● Material for this task
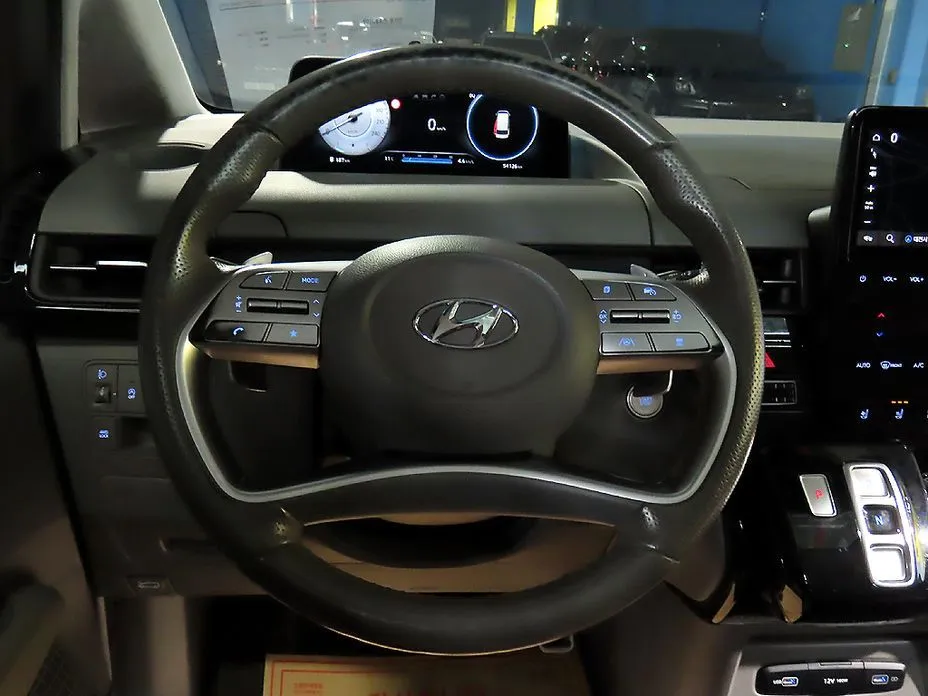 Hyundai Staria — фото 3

* * *

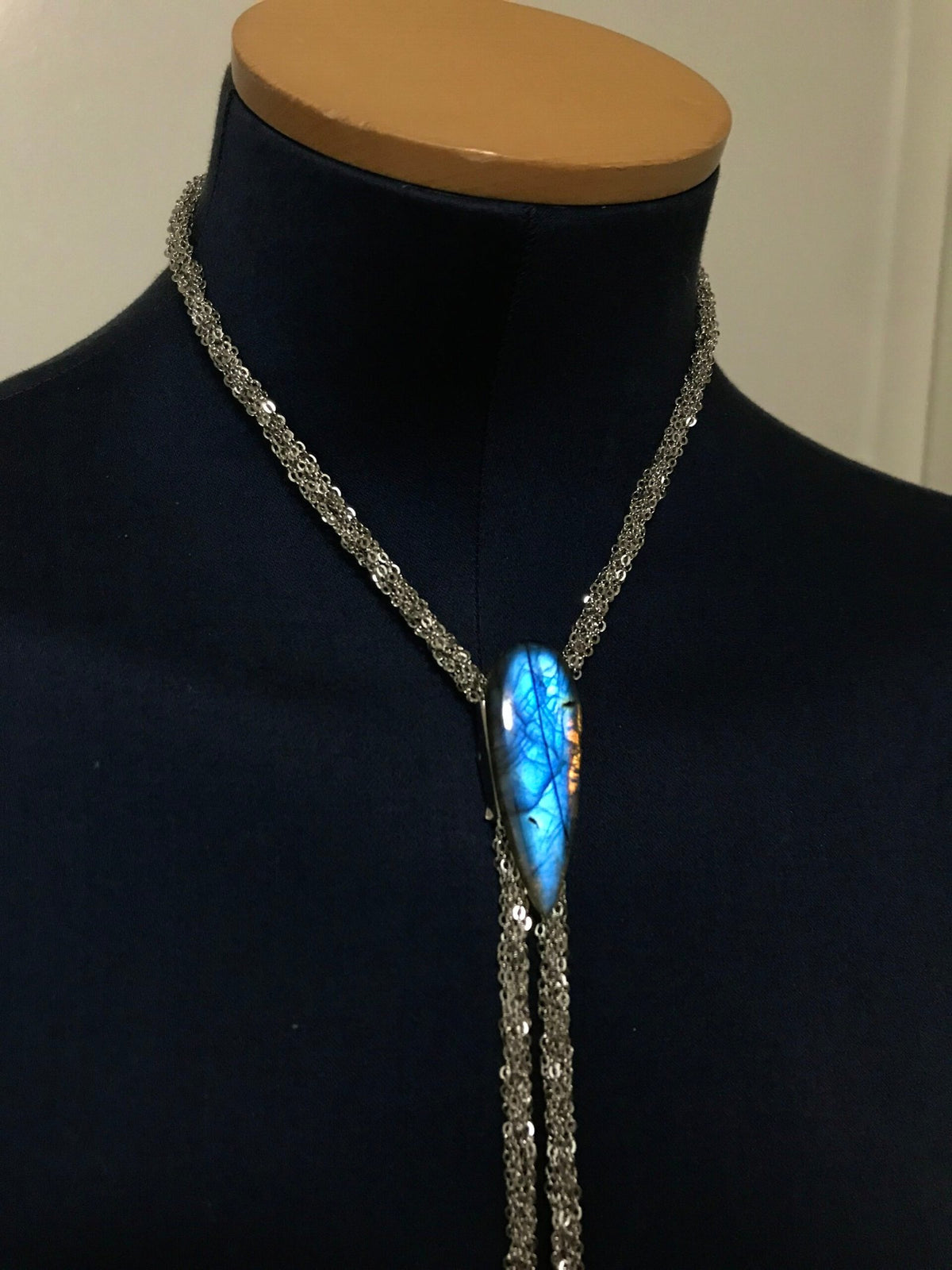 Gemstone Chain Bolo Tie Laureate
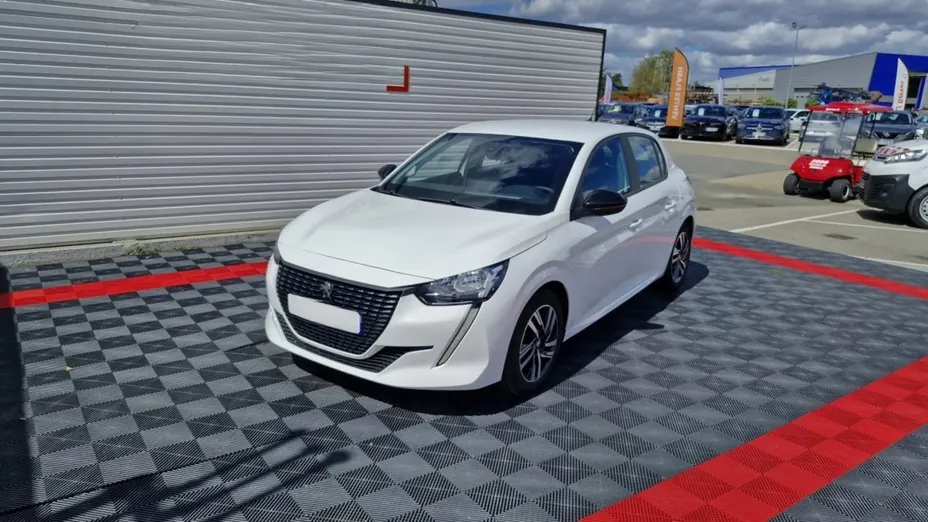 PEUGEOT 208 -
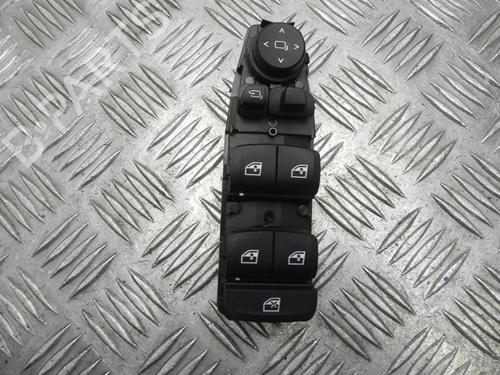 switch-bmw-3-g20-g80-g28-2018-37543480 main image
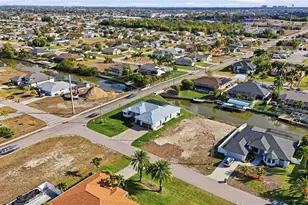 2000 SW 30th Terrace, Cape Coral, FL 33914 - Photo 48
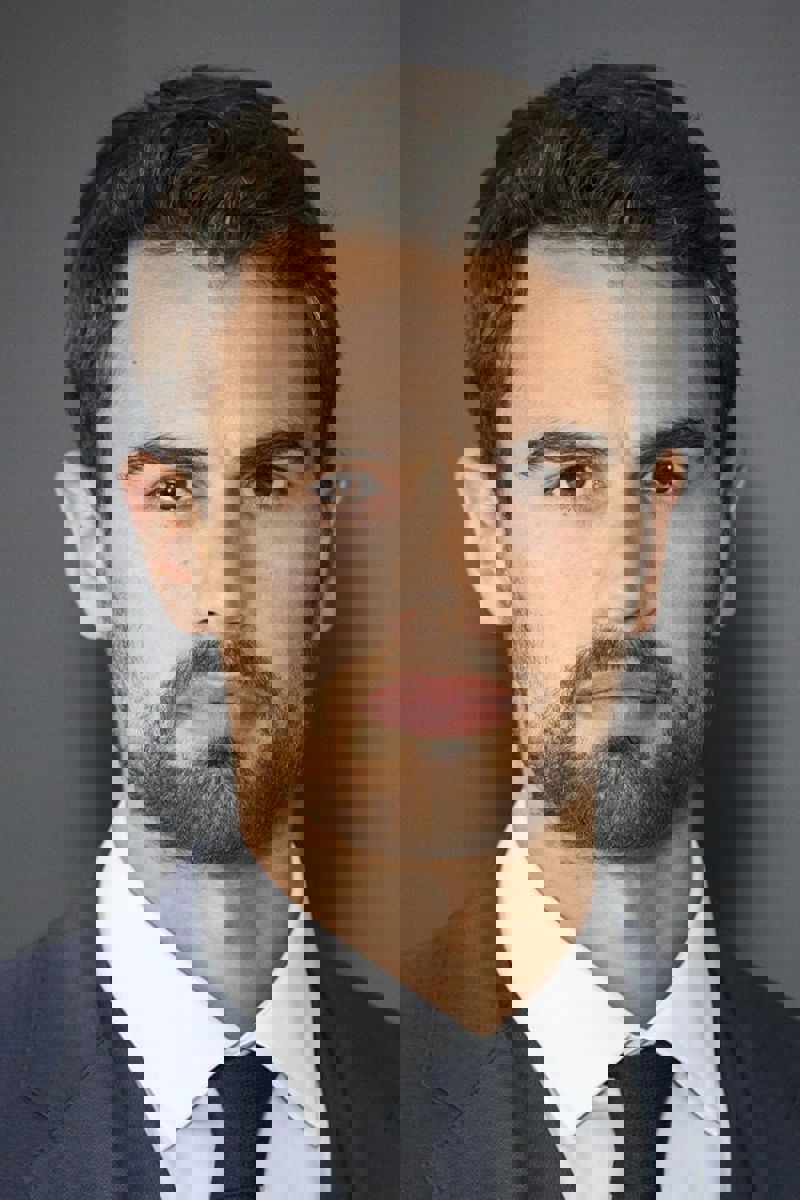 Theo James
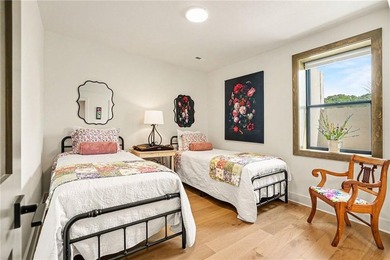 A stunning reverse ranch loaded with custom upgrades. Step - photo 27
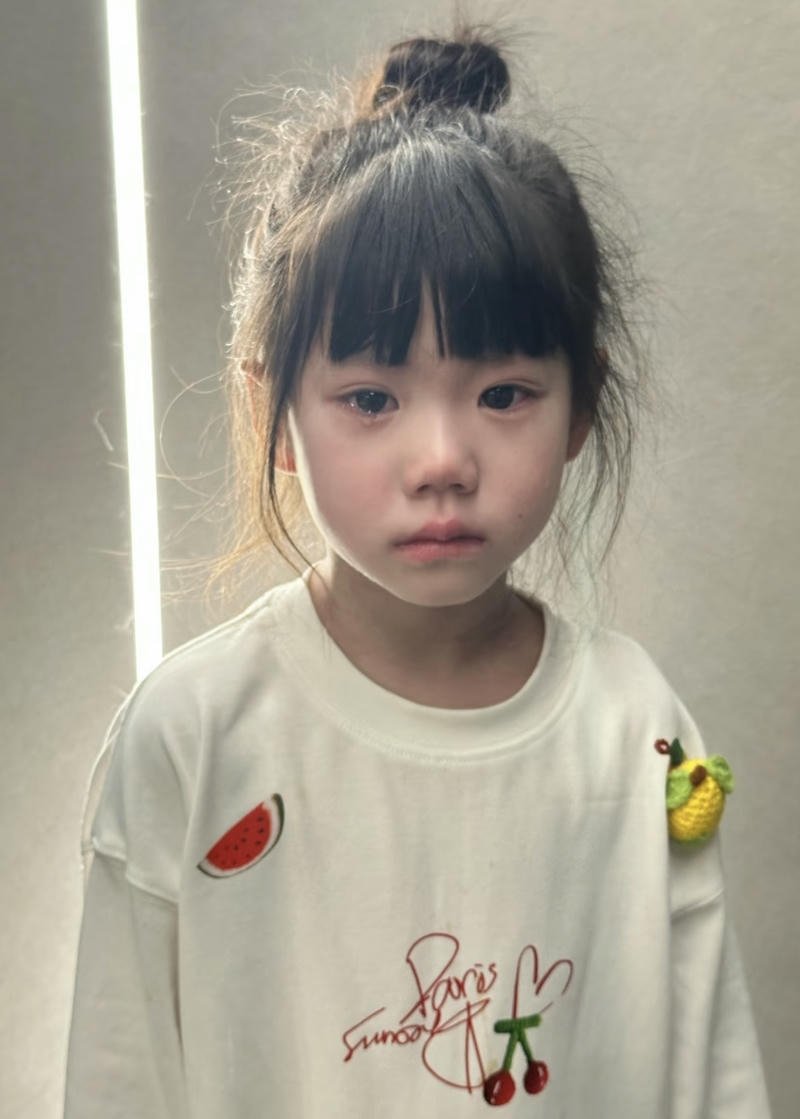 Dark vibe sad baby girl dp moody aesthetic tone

...

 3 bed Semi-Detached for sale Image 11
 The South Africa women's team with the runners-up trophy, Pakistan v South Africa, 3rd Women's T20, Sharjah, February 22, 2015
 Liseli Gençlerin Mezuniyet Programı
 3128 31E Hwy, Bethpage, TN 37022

● Exercise instructions
All that belongs in the answer is the run of lines above from the line containing "Liseli Gençlerin Mezuniyet Programı" through the line containing "3128 31E Hwy, Bethpage, TN 37022", exactly as written.

● Reply
 Liseli Gençlerin Mezuniyet Programı
 3128 31E Hwy, Bethpage, TN 37022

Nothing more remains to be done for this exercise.